PROBLEM TO SOLVE:
Write out, exactly and in full, the line where "9752 Crystal Circle Zeeland MI 49464" appears together with all lines that follow it in the entries below. Do not include pictures.

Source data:
#####

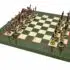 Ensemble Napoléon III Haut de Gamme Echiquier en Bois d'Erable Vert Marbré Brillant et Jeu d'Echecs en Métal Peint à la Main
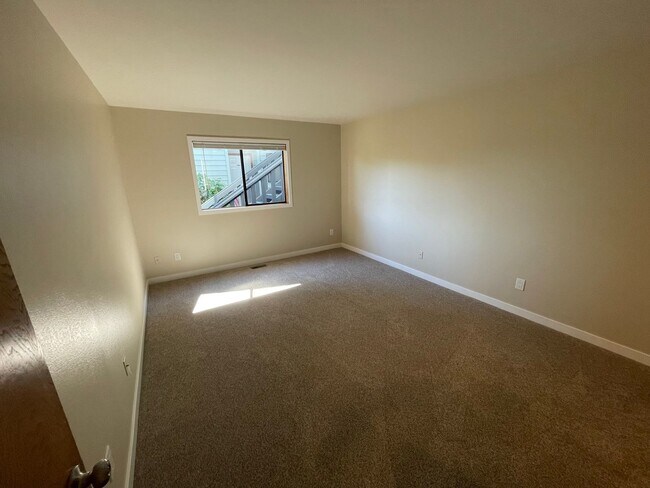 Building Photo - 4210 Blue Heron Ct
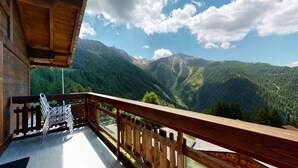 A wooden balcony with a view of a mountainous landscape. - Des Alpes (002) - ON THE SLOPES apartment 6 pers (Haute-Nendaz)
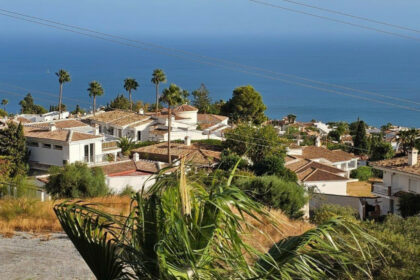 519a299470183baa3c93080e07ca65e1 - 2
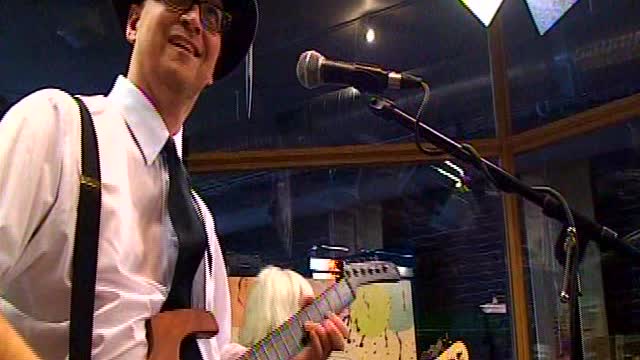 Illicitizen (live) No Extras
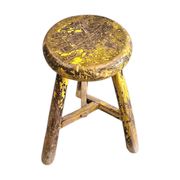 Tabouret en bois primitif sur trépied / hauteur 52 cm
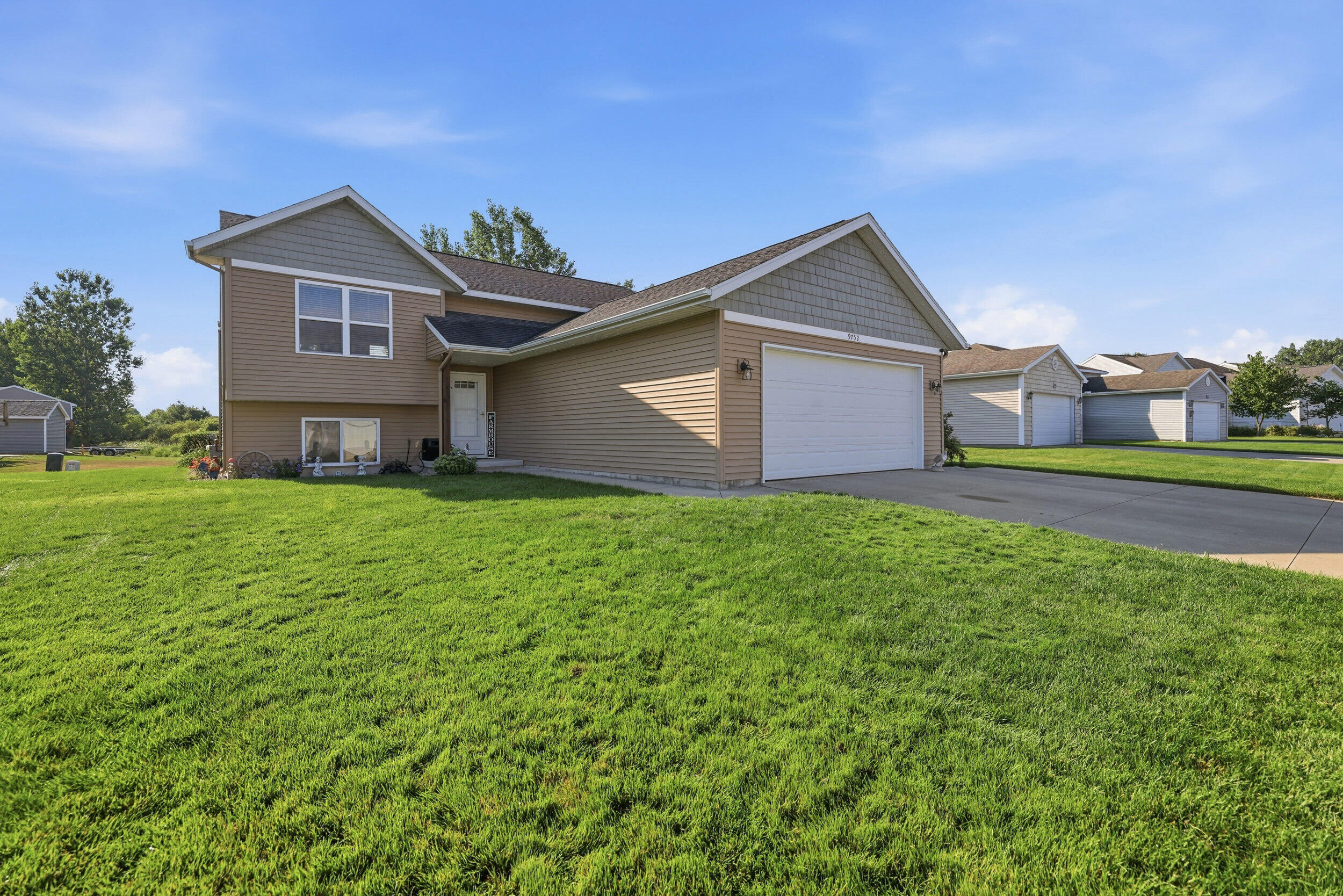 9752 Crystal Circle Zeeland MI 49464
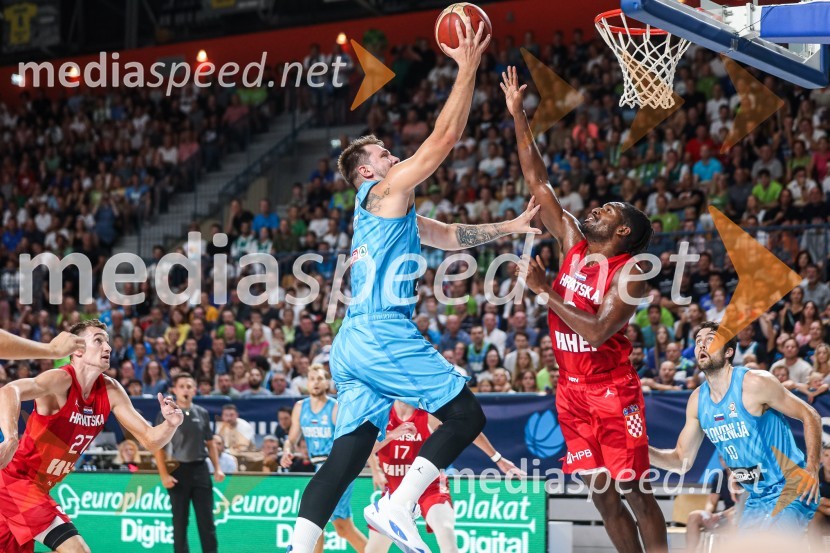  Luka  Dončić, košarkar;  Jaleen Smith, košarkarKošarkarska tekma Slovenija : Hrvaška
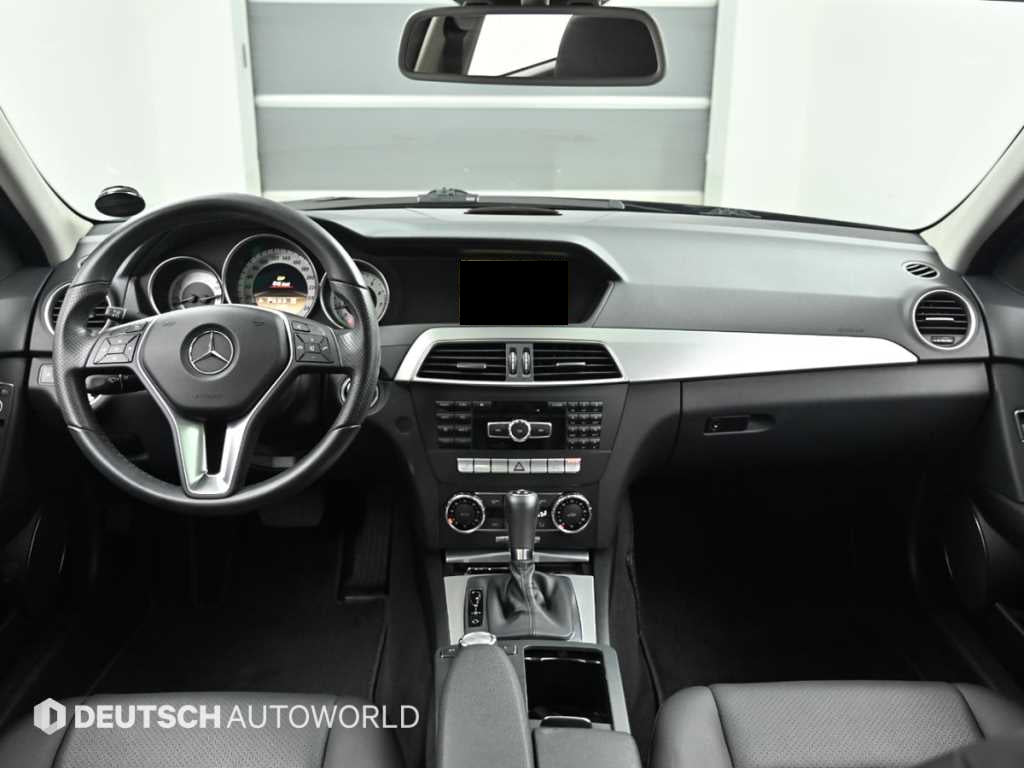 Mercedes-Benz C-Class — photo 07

#####

EXERCISE ANSWER:
 9752 Crystal Circle Zeeland MI 49464
  Luka  Dončić, košarkar;  Jaleen Smith, košarkarKošarkarska tekma Slovenija : Hrvaška
 Mercedes-Benz C-Class — photo 07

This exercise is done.